Héroes ambiguos de historias agridulces, los retornados convierten su propia reconstrucción en misión, en trabajo de hércules que ellos mismos se asignan. 
Otro gran revenant es el Conde de Montecristo -también basada en unaa historia real: la de un zapatero francés injustamente encarcelado- ejemplo perfecto de una venganza justiciera acariciada durante años y con todo el oro y todo el tiempo del mundo para ejecutarla. También Edmundo Dantés, como Hugh Glass, se encuentra con que la venganza es más fácil de planear que de ejecutar, porque es inevitable que al llevarla a cabo sufran inocentes y porque, si la venganza ha de ser justa (si no lo fuese no seríamos muy diferentes de nuestros agresores) ¿cómo se mide exactamente la culpa de cada uno?
De alguna forma creo que esta es la narrativa que estaba en la base -de forma no explícita- de Searching for Sugarman y que quizá explique el éxito popular del documental. Sixto Rodríguez no parece un hombre vengativo, no sabemos qué rumiaba los largos años que se mantuvo apartado de la música profesional, ni si vivió con amargura su inicial fracaso. Sí sabemos que fue expoliado de sus derechos durante los años en que su música triunfaba en Sudáfrica sin que él lo supiese. Curiosamente circuló la leyenda de que había muerto envuelto en llamas, por un accidente durante una actuación, así que a los ojos de los que creyeron esa historia, volver a ver a Sixto Rodríguez en un escenario muchos años después debió de ser como ver al propio Fénix renacido de sus cenizas. Aunque Sixto no volviese para vengarse, creo que cuando nos identificamos con su historia, no podemos evitar hacerlo desde una posición revanchista: “...me ignoraron, he tenido que vivir en la sombra, trabajando duramente con las manos mientras otros se aprovechaban de mi música haciendo creer que había muerto; me dijeron que no servía, que no me molestase; pero he vuelto, estoy aquí y yo tenía razón.”
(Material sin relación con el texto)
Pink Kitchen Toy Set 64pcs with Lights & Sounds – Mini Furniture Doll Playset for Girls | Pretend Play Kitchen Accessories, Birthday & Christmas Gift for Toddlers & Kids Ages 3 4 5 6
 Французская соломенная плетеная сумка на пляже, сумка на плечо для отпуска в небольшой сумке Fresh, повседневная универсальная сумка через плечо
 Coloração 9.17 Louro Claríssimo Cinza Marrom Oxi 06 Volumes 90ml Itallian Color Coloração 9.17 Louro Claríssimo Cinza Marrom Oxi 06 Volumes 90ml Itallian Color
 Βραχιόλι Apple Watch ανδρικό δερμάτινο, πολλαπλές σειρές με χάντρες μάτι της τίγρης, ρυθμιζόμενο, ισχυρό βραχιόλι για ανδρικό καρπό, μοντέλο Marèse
La fascinación por estas historias, que apelan a un sentido de la justicia atávico e instintivo, elude estructuras morales muy posteriores, como el perdón, la delegación de la justicia o la reconciliación y tiene, en ese primitivismo moral hondamente arraigado en nosotros y por ello hondamente satisfactorio, su principal efecto llamada.